La gestion est particulière : comment protéger la valeur d’un actif unique en son genre, qui procure à celui qui le détient un plaisir d’une autre dimension que celle d’un actif immobilier ou d’actions d’entreprises ? Il existe des contraintes de transport, d’assurance, de sécurité. Le marché est de plus divisé en segments fonctionnant à un rythme différent. Tout le monde est bien sûr attentif au prix d’acquisition de l’œuvre mais il ne faut pas oublier que, comme dans le marché du luxe, le haut de gamme est souvent plus prudent que les œuvres à petits prix. Il faut en parallèle tenter d’éviter les mouvements spéculatifs ou de mode. L’autre grand risque sur ce marché est celui des faux. Fournir la garantie de la traçabilité des œuvres dans les ventes de gré à gré est compliqué, les maisons de ventes aux enchères ou les galeries sont en général beaucoup plus sécurisantes.

"Le marché de l’art suit le schéma du luxe"

La crise actuelle a-t-elle eu une incidence sur ce marché ? 

Comme dans beaucoup de secteurs, la pandémie et les confinements ont accéléré la bascule digitale. Les collectionneurs se sont encore plus habitués à l’achat à distance. Le marché de l’art suit le schéma du luxe ; le haut de gamme est très recherché et les grandes signatures dans le luxe comme dans l’art restent très prisées. À l’inverse, les plus petites galeries ou les artistes plus jeunes, moins connus, souffrent beaucoup car le faible ticket d’entrée n’est pas sécurisant pour l’acheteur, surtout en cette période troublée.

Et s’agissant des maisons de ventes aux enchères ?

Un triptyque de Francis Bacon qui se vend 85 millions de dollars en quelques minutes lors d’une vente Sotheby’s entièrement à distance montre bien que le marché est en pleine mutation. Acheter une œuvre d’art sans l’avoir vue va devenir monnaie courante. C’était déjà un peu le cas mais la crise l’accélère. Le monde de l’art bascule un peu plus dans le digital ; c’est une autre forme de voyage, avec des découvertes surprenantes. Bien sûr, il restera toujours la magie des rencontres avec les artistes, l’univers muséal, les galeries, les collectionneurs…

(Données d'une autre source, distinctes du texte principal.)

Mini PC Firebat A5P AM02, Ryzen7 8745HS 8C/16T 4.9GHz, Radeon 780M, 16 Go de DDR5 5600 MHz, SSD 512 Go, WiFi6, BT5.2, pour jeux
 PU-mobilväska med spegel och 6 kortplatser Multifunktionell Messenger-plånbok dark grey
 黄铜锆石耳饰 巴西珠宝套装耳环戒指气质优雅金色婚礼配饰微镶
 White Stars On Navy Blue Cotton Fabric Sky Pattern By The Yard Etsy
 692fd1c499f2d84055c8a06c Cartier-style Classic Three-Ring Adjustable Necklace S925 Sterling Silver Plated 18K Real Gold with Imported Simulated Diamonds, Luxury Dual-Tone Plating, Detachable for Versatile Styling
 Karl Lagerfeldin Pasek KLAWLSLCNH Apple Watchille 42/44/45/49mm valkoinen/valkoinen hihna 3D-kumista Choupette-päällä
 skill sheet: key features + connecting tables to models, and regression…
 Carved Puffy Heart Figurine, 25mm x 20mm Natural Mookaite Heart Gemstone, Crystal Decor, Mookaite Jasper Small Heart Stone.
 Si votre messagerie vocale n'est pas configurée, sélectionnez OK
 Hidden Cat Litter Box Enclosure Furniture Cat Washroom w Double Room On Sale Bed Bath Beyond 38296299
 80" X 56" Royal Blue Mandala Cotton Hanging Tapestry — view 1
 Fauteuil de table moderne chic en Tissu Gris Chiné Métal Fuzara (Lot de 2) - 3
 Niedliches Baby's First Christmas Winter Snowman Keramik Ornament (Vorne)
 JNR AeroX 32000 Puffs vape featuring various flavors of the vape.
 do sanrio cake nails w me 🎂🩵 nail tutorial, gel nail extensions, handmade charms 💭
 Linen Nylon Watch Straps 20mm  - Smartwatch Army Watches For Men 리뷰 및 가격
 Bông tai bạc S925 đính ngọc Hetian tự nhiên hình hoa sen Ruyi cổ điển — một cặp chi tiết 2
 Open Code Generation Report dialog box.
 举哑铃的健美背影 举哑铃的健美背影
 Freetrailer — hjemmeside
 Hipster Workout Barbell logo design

Herez continue son mécénat ?

Nous avons en effet poursuivi notre démarche de mécénat, de partage et de « donner du sens » à travers le monde de l’art. En 2019, nous avons soutenu le street-artiste Seth Globepainter – en collaboration avec la galerie Itinerrance – qui a peint un mur incroyable sur le Boulevard Vincent Auriol à Paris, ainsi que la photographe Marie Benattar dans le cadre de notre Carte blanche. En cette fin d’année 2020, nous soutenons un projet photographique de Frédéric Blanc au profit de l’Hôpital Saint Joseph à Paris. Nous avons tous besoin de donner du sens à notre quotidien, à notre patrimoine et privilégier le partage au sens noble du terme, particulièrement en ce moment.